Another positive aspect of pawnshops is the impermanence of the transaction. Unlike a clear sale, a pawnshop loan allows you to regain possession of your item. Therefore, if your fortunes turn around, you will be able to get your stuff back. With Craigslist and eBay, once your stuff's gone, it's gone.

Finally, pawnshops are very convenient. While Craigslist and eBay will net you far more money for your possessions, getting the cash can take days, weeks, or even months. With a pawnshop, getting paid takes about as long as it takes you to cart your stuff down to the store. You don't have to worry about keywords, pictures, listing your item properly, fraudulent bidders, or any of the other headaches that accompany internet sales. You simply drop off your property, whine a little bit about how the pawnbroker is screwing you, grab your dough, and leave.

The downside is pretty obvious. If your precious possessions stay with the pawnbroker for over a month, he puts them on sale to recoup the cost of your loan. Chances are that he will be able to sell your stuff for a lot more than he gave you, which means that, once your month is up, you probably won't be able to buy your stuff back.

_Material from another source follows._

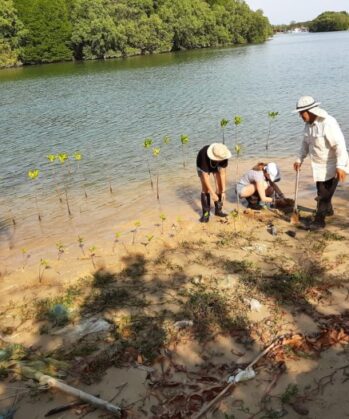 Umweltschutz - Mangrovenprojekt THAILAND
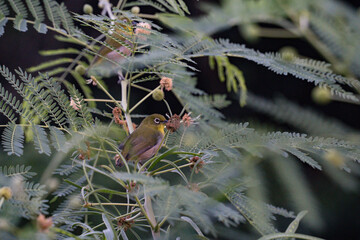 小笠原のメジロ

So should you use a pawnshop? Absolutely--if you're a buyer. As I mentioned earlier, they are great places to find deals, and can be a lot of fun to wander around. On the other hand, you should view them as an absolutely last resort for selling your stuff. While they will enable you to get your hands on a little bit of money very quickly, they will end up giving you a bare minimum for your goods. If it comes to a choice between selling blood, going to a pawnshop, or ending up on the street, sell your blood, then go to the pawnshop!

Bruce Watson is a freelance writer, blogger, and all-around cheapskate. When it comes right down to it, pawnshops make him a little sad.